Correct me if I am missing something or show me the better way.
Let $0<a<b$ and consider the sequence of functions $$f_{n}(x)=\frac{1-(x/b)^{n}}{1+(a/x)^{n}}$$ for $n\in \mathbb{N}$.
i) First consider $x\in [a,b]$. Show that $f_{n}(x)$ does not converge uniformly on this set.
ii) Now reduce the domain into $x\in [a+\epsilon, b-\epsilon]$ where $\epsilon>0$, and it is assumed that $\epsilon<(b-a)/2$. Prove that $f_{n}(x)$ is uniformly convergent.
My answer to i) I have shown that $f_{n}(x)$ converges pointwise to
$$ f(x)=\begin{cases} \frac{1}{2} & \text{ if } a=x \\ 1 & \text{ if } a<x<b \\ 0 & \text{ if } x=b. \end{cases} $$ Since, for example, $\lim_{x\to a^{-}}f(x)=1\neq f(a)$, so $f$ is not continous on $[a,b]$. Thus $f$ does not converge uniformly on $[a,b]$. Is it enough to answer like that?
My answer to ii) I believe it says proving that $$ \lim_{n\to\infty}\sup_{x\in [a+\epsilon, b-\epsilon]}\left | f(x)-f_{n}(x) \right |=0. $$ First, we know that $1-\left ( \frac{x}{b} \right )^{n}\geq 1-\left ( \frac{b-\epsilon}{b} \right )^{n}$ and $1+\left ( \frac{a}{x} \right )^{n}\leq 1+\left ( \frac{a}{a+\epsilon} \right )^{n}$ for all $x\in [a+\epsilon, b-\epsilon]$. Since $[a+\epsilon, b-\epsilon]\subseteq (a,b)$, so
\begin{align*}\left | f(x)-f_{n}(x) \right |&\leq \left | 1-\frac{1-\left ( \frac{b-\epsilon}{b} \right )^{n}}{1+\left ( \frac{a}{a+\epsilon} \right )^{n}} \right |=\left | \frac{\left ( \frac{a}{a+\epsilon} \right )^{n}-\left ( \frac{b-\epsilon}{b} \right )^{n}}{1+\left ( \frac{a}{a+\epsilon} \right )^{n}} \right |\\ &\leq \left | \left ( \frac{a}{a+\epsilon} \right )^{n}-\left ( \frac{b-\epsilon}{b} \right )^{n} \right |\leq\left ( \frac{a}{a+\epsilon} \right )^{n}+\left ( \frac{b-\epsilon}{b} \right )^{n}.\end{align*} Since $a+\epsilon>a>0$ and $0<b-\epsilon<b$, we finally get $\left | f(x)-f_{n}(x) \right |\to 0$ as $n\to\infty$.

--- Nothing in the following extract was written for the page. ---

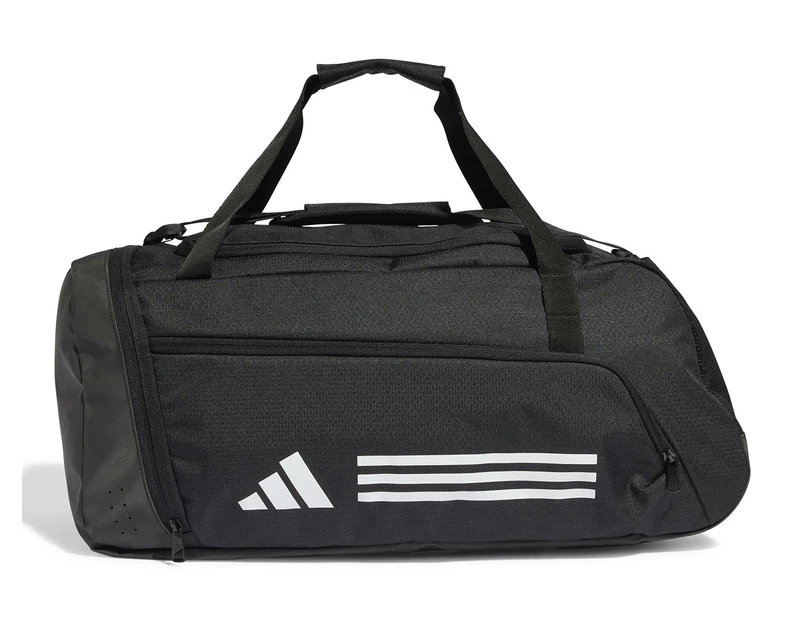 Adidas Essentials 3-Stripes Medium Duffle Bag - Black/White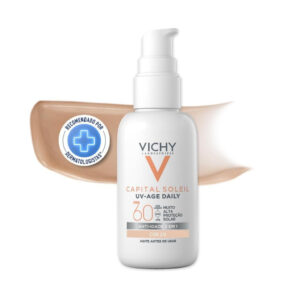 Protetor Solar Facial Vichy Capital Soleil UV-Age Daily FPS60 Cor 2.0 Com 40g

I do not know if I should use something like that for all $\epsilon>0$ there exist a $N\in\mathbb{N}$ such that $\sup_{x\in [a-\epsilon,b+\epsilon]}\left | f(x)-f_{n}(x) \right |<\epsilon$ for all $n\geq N$.
Your answer to (i) is fine.
Your proof for (ii), in order to make use of the $\varepsilon$-property which in my case is a $\delta$-property as $\varepsilon$ already has been used, could be extended as follows:
Note that for $f_n$ to converge uniformly on $[a+\varepsilon, b-\varepsilon ]$ to $f$ you have to show, that for each $\delta > 0 $ there exists an $n_0 \in \mathbb{N}$ such that for every $n \ge n_0$ and every $x \in [a+\varepsilon, b-\varepsilon]$ it holds that $\lvert f(x) - f_n(x) \rvert \lt \delta$.
Proof:
Let $\delta > 0$. For every $\varepsilon > 0$ the sequences defined as
$$a_n := \left( \frac{a}{a + \varepsilon}\right)^n \quad \text{ and } \quad b_n := \left( \frac{b - \varepsilon}{b}\right)^n $$ are null sequences, i.e. there exists $n_a \in \mathbb{N}$ such that for every $n \ge n_a$
$$ \lvert a_n \rvert < \frac{\delta}{2}.$$
Analogously there exists $n_b \in \mathbb{N}$ such that for every $n \ge n_b$
$$ \lvert b_n \rvert < \frac{\delta}{2}.$$
Now let $n_0 := \max(n_a,n_b)$. Performing the estimates in your proof for all $n \ge n_0$ and all $x \in [a+\varepsilon, b-\varepsilon ]$ the following holds
$$ \lvert f(x) - f_n(x) \rvert \leq \left( \frac{a}{a + \varepsilon}\right)^n + \left( \frac{b - \varepsilon}{b}\right)^n \lt \frac{\delta}{2} + \frac{\delta}{2} = \delta. $$